How to Holiday Happily
What if the ways you communicate with your partner could predict how difficult or successful your relationship would be? According to John Gottman, The Four Horseman (A pretty direct metaphor for The Four Horsemen of the Apocalypse) are four communication patterns that can be destructive to a relationship.
These patterns usually show up in times of conflict and tension. As we head into the end of the year when life is pure chaos with family, holidays, spending money, traveling, and so much more there is bound to be times of tension and conflict in a relationship. Now, I don’t want you to think tension or conflict are bad! Conflict is actually a form of connection and intimacy, and when done right it can bring us closer to our partners and those we share relationships with. So as the tension is rising, please don't bail before the conflict because “it’s easier”... stay in and choose better communication patterns!

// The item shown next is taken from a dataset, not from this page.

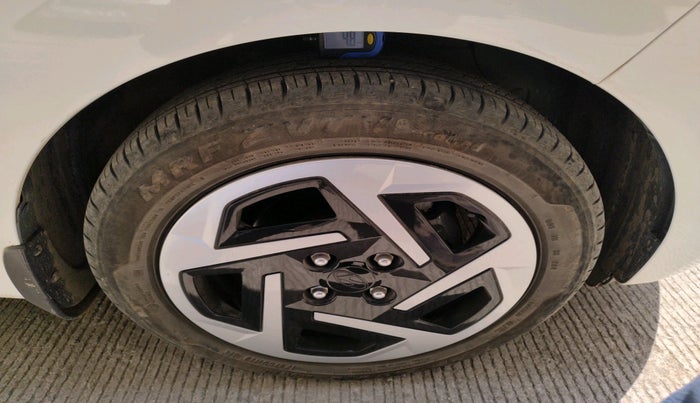 2023 Hyundai GRAND I10 NIOS SPORTZ 1.2 KAPPA VTVT, Petrol, Manual, 8,595 km, tyre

In this mini-blog series, we will look at The Four Horsemen, what they might look like this holiday season and how to substitute them with a more productive approach.
Now that I’ve given you a little foundational background, what are The Four Horsemen when it comes to your relationship? Criticism, Contempt, Defensiveness, and Stonewalling.
Criticism is more than a critique, it is verbally attacking your partner to their core personality or character. I know reading this probably every single one of us can think of a time we criticized our partner. This Horseman is the MOST COMMON.
Contempt loves to come in when frustration is high, and resentment has dug its nails into your relationship. Contempt is the idea that your partner or someone is beneath your consideration and they “deserve” to hear what you have to say about them. Being mean to prove a point
Defensiveness usually likes to show up as a response to criticism. Nobody wants to sit back and take it all on when their character is being attacked. So, we justify and explain why things are a certain way.
Stonewalling likes to show up in response to contempt, or when we are just done. This is when we shut down and withdraw from the situation. No response is good enough and we just want it to end. Hey, being silent means we aren’t feeding into the conflict right? Nope, in many cases it fuels it and the cycle continues.
If you are intrigued but have more questions after reading this… great! The following blogs where we do a deeper dive into each Horseman will be beneficial. Hopefully we can incorporate some small changes in how you communicate that will help not only the relationship with your partner, but with family and friends too. Remember conflict itself is not BAD, how we communicate through it is so important!